• **Exercise description**: The response should repeat word for word every line below from the one with "New Kave Home Stuhl Ania Braun" to the one with "KIARA gold ring", inclusive, and nothing else; leave pictures out.

START Material provided

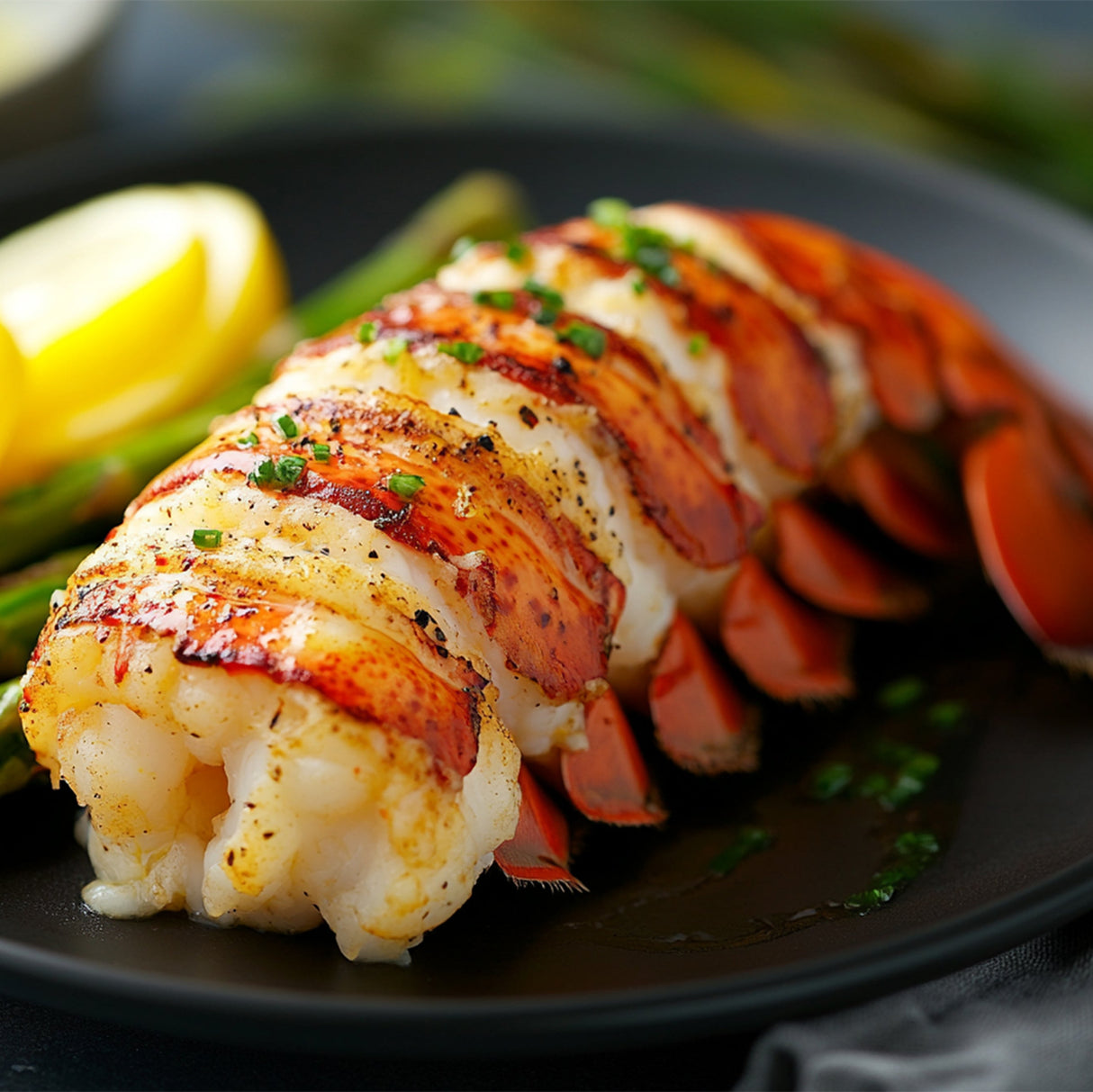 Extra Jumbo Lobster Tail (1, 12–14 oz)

END Material provided
START Material provided

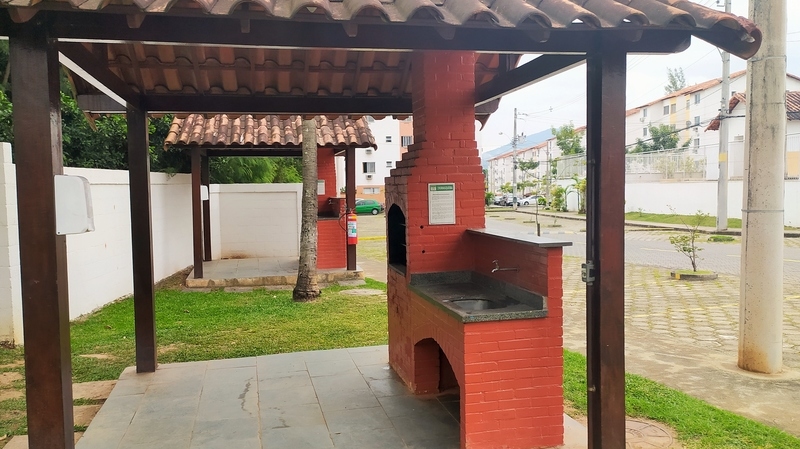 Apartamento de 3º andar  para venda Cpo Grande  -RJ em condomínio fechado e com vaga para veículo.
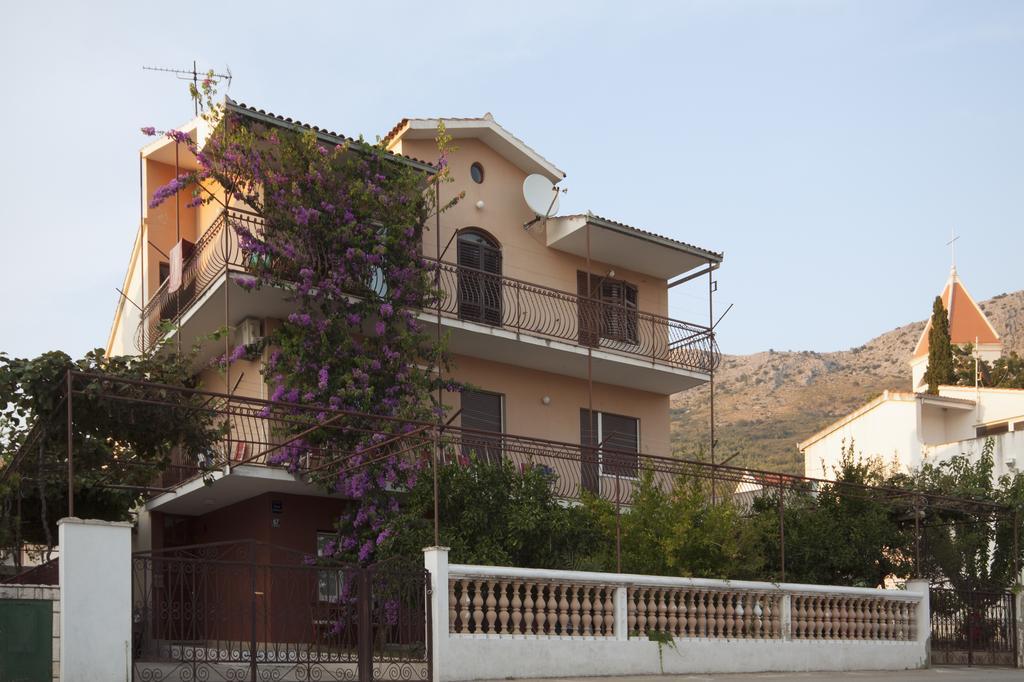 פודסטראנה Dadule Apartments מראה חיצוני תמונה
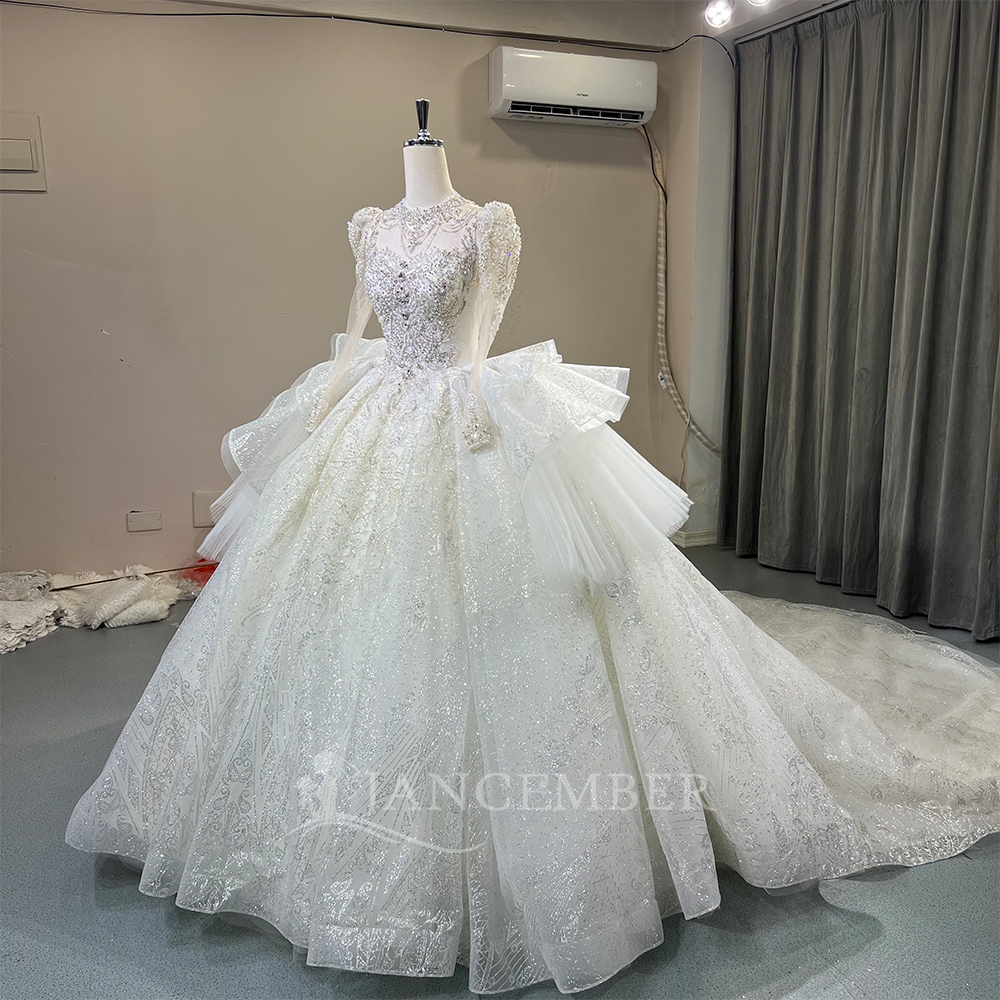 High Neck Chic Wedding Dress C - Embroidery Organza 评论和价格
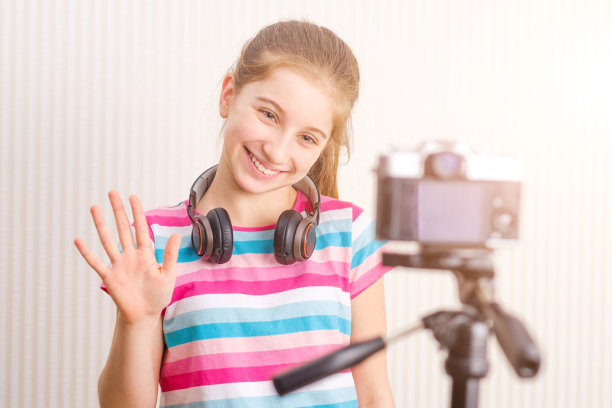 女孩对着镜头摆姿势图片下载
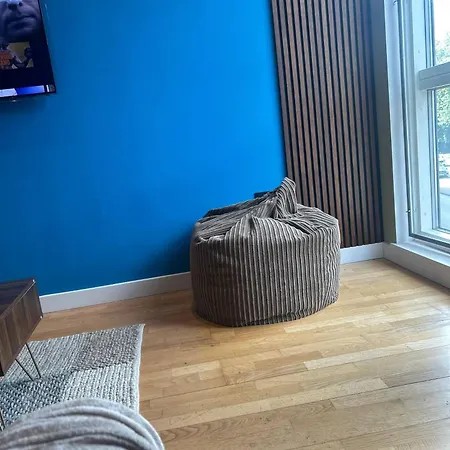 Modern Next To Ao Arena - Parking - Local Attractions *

END Material provided
START Material provided

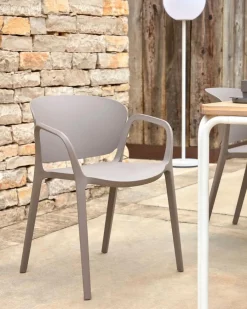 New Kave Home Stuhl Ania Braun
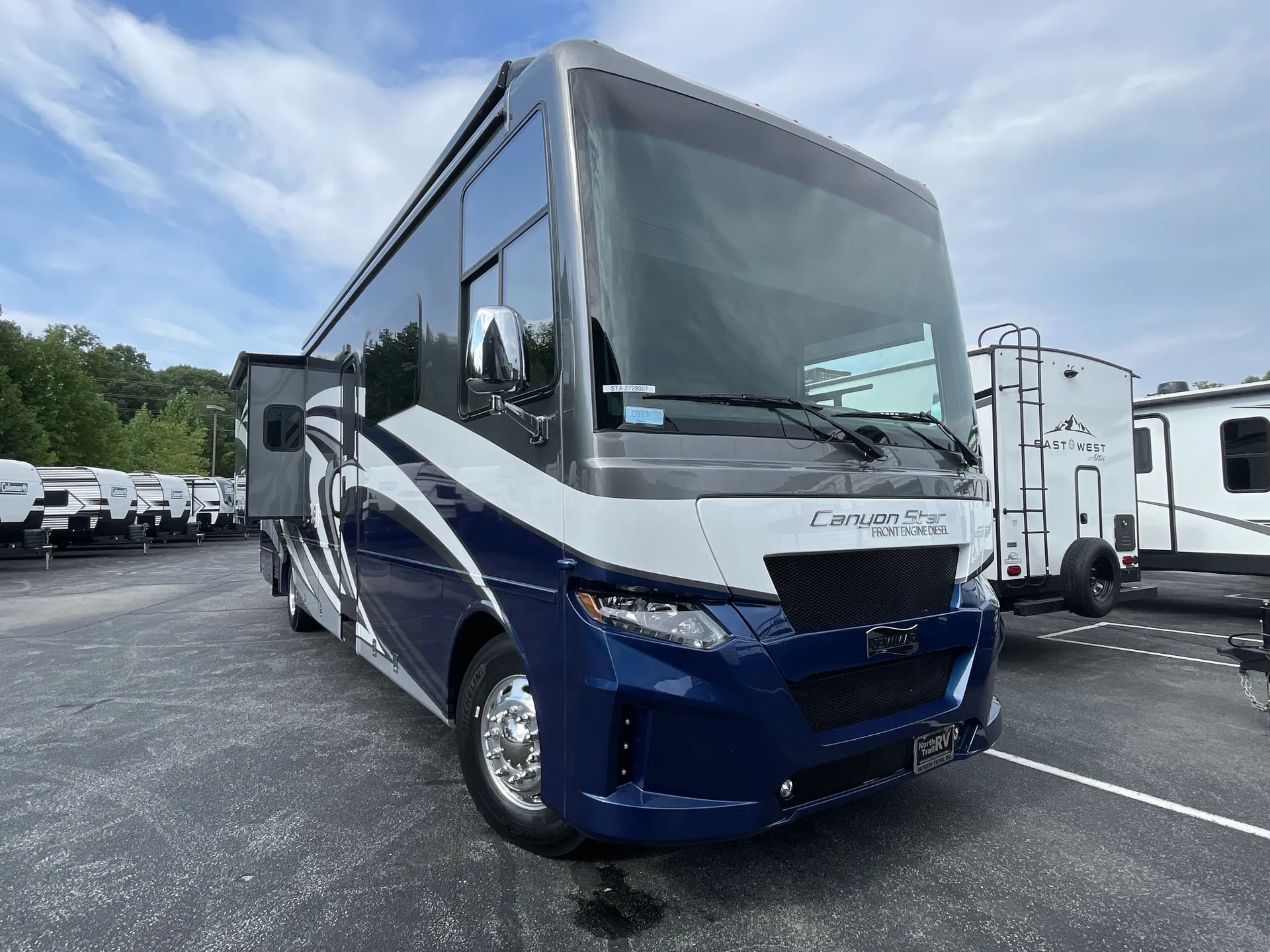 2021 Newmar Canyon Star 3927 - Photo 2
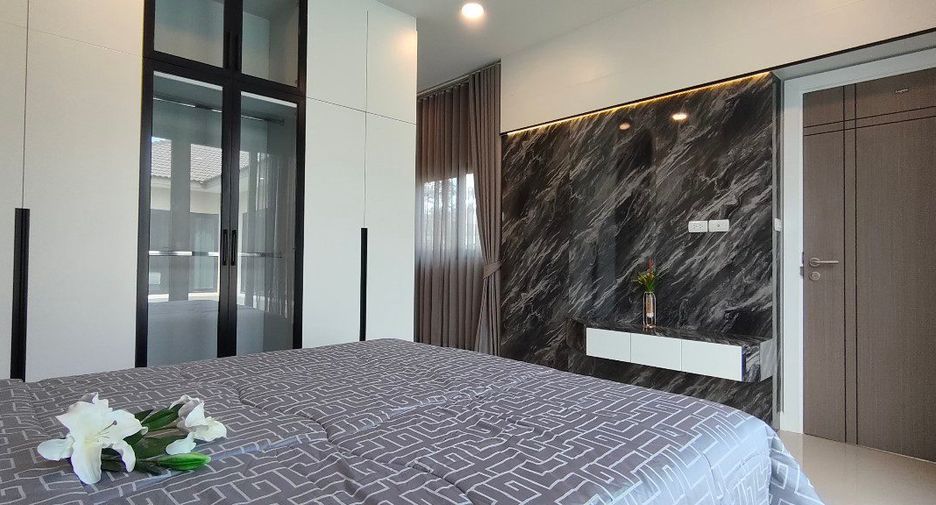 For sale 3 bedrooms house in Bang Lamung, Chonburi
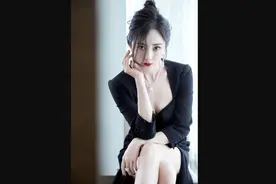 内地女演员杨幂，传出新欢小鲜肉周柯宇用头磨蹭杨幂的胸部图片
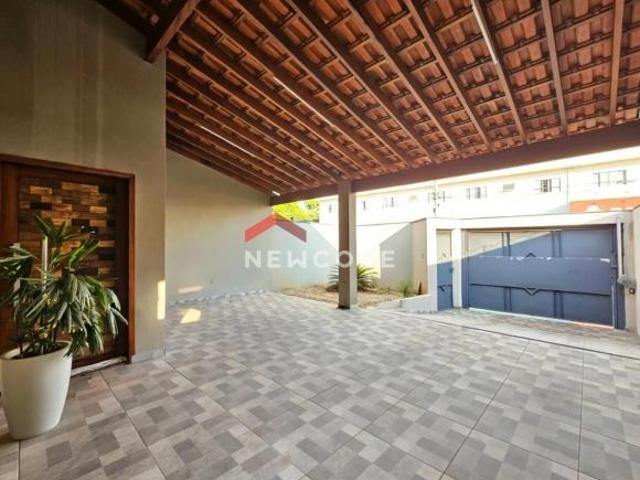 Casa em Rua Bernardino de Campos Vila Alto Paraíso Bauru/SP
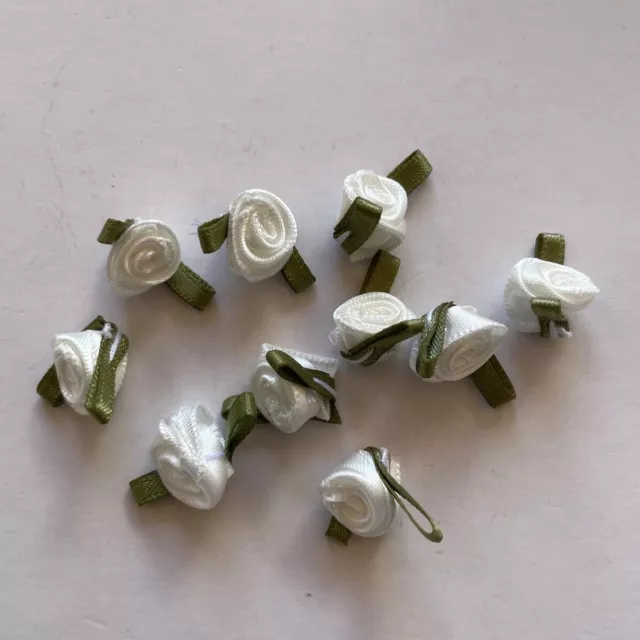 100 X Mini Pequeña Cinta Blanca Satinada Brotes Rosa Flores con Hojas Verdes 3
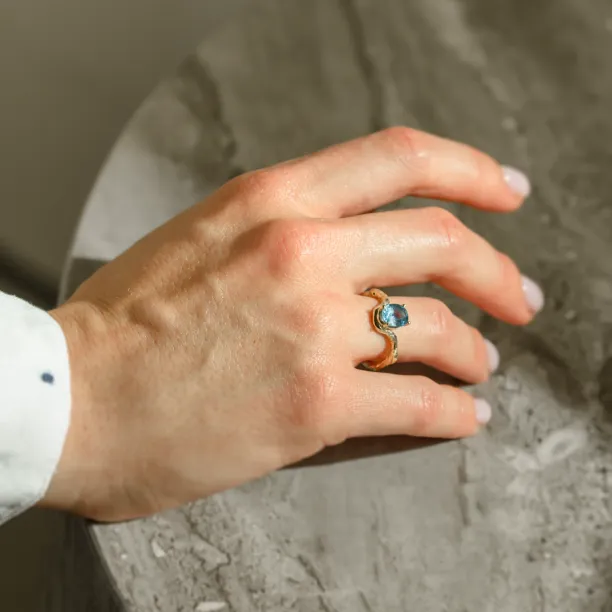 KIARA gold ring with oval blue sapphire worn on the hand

END Material provided

• **Written response**:
 New Kave Home Stuhl Ania Braun
 2021 Newmar Canyon Star 3927 - Photo 2
 For sale 3 bedrooms house in Bang Lamung, Chonburi
 内地女演员杨幂，传出新欢小鲜肉周柯宇用头磨蹭杨幂的胸部图片
 Casa em Rua Bernardino de Campos Vila Alto Paraíso Bauru/SP
 100 X Mini Pequeña Cinta Blanca Satinada Brotes Rosa Flores con Hojas Verdes 3
 KIARA gold ring with oval blue sapphire worn on the hand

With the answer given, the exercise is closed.